Mr. Cerepak says that in the case of some of KELCO's second operation CNCs where the programs are small, the same programs were stored in five or six machine controls. When a new program was needed at a second operation CNC, it was entered into the control by manual data input (MDI). "It took time and mistakes were made, but that was easier than finding and using the laptop."

Because of management's desire to eliminate the use of laptops and provide daily backup of all CNC programs, KELCO began the switch to MultiDNC from Xpert CNC Technologies, Inc. (Corona, California), with two 32-port systems when it was still written for Windows 3.1. After MultiDNC for Windows 98/95/NT was released, KELCO eventually installed five additional MultiDNC systems.
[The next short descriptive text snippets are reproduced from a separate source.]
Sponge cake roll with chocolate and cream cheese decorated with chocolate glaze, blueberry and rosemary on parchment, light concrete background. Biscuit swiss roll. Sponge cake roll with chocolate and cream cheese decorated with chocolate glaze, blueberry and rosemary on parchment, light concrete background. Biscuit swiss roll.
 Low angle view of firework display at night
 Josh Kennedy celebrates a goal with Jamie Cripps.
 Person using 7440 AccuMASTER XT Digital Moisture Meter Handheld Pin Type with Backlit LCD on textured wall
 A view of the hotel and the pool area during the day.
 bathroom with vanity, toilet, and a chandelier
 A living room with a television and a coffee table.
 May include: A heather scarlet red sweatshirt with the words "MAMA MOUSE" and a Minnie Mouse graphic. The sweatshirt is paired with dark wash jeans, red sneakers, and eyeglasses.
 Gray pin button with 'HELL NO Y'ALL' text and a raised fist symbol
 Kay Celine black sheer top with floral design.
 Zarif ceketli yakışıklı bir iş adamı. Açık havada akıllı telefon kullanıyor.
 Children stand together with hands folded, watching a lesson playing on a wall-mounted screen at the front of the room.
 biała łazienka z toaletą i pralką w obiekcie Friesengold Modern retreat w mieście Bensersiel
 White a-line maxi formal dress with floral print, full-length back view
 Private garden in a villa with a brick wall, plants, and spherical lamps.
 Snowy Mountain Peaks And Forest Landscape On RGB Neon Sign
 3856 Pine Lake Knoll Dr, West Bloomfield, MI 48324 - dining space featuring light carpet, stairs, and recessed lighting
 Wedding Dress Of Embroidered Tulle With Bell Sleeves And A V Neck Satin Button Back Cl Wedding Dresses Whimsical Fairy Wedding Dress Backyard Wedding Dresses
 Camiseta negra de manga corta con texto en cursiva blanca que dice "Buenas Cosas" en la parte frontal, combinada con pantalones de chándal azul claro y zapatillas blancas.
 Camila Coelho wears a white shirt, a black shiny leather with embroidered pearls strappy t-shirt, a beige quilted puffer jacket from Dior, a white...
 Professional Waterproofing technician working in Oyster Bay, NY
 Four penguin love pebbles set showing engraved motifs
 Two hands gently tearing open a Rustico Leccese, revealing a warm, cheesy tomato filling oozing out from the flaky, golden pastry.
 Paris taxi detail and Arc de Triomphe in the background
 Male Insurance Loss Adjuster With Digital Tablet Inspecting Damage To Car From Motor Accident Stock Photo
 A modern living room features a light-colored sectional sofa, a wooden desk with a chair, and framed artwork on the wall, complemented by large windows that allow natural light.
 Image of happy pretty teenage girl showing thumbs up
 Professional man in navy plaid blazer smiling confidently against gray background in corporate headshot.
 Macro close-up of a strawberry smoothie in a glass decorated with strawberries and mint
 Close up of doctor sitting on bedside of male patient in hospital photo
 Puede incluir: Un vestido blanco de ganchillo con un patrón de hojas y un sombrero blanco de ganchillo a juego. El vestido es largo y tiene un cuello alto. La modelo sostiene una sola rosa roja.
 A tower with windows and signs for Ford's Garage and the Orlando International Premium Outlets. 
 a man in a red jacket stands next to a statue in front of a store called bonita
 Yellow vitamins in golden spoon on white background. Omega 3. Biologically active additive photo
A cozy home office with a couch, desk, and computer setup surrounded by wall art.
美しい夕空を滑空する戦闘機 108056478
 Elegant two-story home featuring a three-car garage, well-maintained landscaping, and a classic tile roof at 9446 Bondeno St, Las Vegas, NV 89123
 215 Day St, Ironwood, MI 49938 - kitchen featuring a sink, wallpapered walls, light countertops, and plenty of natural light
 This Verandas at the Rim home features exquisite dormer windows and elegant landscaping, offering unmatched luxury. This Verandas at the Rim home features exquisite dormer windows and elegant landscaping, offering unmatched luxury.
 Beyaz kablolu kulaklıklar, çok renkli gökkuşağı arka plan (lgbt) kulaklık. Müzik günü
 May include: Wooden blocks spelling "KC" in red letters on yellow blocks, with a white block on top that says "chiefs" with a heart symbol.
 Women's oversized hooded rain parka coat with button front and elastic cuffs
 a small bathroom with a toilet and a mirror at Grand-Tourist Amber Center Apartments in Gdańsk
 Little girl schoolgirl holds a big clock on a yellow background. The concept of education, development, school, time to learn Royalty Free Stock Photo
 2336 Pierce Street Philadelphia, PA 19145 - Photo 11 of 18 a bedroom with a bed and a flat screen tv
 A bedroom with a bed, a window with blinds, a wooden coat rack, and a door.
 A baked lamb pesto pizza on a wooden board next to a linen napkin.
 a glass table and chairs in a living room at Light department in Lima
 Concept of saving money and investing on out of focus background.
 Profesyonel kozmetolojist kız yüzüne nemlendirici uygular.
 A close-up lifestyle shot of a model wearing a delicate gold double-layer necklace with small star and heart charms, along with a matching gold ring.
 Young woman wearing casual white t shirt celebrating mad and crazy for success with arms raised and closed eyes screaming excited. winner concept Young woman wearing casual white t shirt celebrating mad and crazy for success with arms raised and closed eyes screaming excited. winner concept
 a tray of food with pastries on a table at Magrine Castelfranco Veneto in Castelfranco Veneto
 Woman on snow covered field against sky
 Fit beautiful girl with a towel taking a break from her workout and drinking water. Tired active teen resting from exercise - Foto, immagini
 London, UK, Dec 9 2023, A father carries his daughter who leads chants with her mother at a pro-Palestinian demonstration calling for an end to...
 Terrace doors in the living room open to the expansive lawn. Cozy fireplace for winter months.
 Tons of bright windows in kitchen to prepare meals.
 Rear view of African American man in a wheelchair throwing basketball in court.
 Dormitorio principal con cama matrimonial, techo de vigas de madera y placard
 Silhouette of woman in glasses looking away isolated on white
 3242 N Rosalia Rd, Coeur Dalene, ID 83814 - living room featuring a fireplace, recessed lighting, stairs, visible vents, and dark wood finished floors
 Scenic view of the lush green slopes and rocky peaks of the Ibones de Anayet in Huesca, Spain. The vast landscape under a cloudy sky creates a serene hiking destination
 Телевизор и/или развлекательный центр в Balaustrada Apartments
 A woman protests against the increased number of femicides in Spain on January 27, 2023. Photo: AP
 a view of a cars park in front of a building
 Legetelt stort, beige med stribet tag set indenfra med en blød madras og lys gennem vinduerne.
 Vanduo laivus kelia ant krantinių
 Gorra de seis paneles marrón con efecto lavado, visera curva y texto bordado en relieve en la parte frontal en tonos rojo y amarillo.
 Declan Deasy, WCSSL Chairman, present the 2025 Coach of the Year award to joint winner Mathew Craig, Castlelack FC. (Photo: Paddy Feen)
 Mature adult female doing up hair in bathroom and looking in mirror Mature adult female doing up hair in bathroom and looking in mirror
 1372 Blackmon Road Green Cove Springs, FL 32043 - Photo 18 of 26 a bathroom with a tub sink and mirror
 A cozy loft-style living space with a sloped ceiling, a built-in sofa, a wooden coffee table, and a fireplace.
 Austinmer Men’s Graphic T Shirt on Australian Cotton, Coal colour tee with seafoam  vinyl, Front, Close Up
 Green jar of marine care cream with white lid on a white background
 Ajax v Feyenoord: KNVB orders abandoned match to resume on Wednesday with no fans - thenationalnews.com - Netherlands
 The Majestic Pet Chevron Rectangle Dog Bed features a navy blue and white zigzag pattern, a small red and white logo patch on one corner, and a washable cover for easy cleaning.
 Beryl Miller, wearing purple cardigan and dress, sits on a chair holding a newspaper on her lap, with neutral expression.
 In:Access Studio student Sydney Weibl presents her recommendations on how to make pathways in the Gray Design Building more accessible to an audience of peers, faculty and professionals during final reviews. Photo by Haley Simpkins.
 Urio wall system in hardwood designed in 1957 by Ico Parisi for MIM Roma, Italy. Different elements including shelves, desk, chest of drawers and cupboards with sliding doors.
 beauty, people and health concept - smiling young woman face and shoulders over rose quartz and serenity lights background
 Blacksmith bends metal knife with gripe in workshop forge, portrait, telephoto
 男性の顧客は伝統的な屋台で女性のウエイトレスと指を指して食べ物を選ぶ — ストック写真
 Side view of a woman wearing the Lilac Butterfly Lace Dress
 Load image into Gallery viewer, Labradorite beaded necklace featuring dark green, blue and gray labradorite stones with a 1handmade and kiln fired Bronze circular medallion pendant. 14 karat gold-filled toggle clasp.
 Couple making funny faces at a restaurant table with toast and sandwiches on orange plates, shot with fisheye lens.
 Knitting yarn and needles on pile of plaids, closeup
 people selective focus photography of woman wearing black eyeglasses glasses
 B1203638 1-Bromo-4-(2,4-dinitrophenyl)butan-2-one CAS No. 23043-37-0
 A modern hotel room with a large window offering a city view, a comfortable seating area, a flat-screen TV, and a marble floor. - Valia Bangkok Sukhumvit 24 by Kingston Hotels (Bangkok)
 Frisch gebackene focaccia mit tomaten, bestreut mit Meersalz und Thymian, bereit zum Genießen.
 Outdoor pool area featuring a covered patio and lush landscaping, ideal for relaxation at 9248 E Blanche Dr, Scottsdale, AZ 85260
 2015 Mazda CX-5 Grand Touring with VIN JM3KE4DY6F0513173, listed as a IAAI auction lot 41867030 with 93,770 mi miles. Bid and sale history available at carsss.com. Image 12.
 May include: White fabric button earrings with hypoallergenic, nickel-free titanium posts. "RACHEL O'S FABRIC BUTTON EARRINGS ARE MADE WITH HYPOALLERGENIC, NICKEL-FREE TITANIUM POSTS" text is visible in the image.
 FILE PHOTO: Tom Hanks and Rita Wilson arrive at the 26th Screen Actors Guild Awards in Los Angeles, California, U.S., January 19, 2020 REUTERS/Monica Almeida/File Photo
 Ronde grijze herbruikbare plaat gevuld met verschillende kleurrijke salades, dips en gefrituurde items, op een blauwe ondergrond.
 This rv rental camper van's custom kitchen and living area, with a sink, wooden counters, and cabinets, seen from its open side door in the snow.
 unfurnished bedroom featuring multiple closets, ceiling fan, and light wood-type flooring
At that point, says Mr. Cerepak, "our problems were gone. MultiDNC eliminates programming steps and wasted time. There are no laptops to search for, replace or repair. And MDI is rarely used." Now KELCO's CNC programs are saved to the network, which is backed up daily. In the case of a catastrophe—a tornado, for example—Mr. Cerepak says that not having to recreate the programs would be a great advantage. Programming is done off the machines, the changes are easy to save, and programs can be loaded into the CNC machines from the CNC machine control.

"MultiDNC is extremely versatile in terms of configurability as far as communicating with different types of machines and doing different translations as programs go in and programs go out," says Mr. Cerepak. "It's smart enough to get the program to the machine in the format that it needs. Just the other day, we had a couple of new machines on the floor and they needed to see the program just a little bit differently in one area. So rather than just rewriting the programs entirely, we were able to take the programs we have and do a translation during send. This is a major convenience."

CNC programs can now be shared among all seven of KELCO Industries' systems departments. Because of MultiDNC's remote function, saving or retrieving a CNC program can now be done without having to leave the CNC machine. "Basically, MultiDNC does what we need, when we need it," says Mr. Cerepak.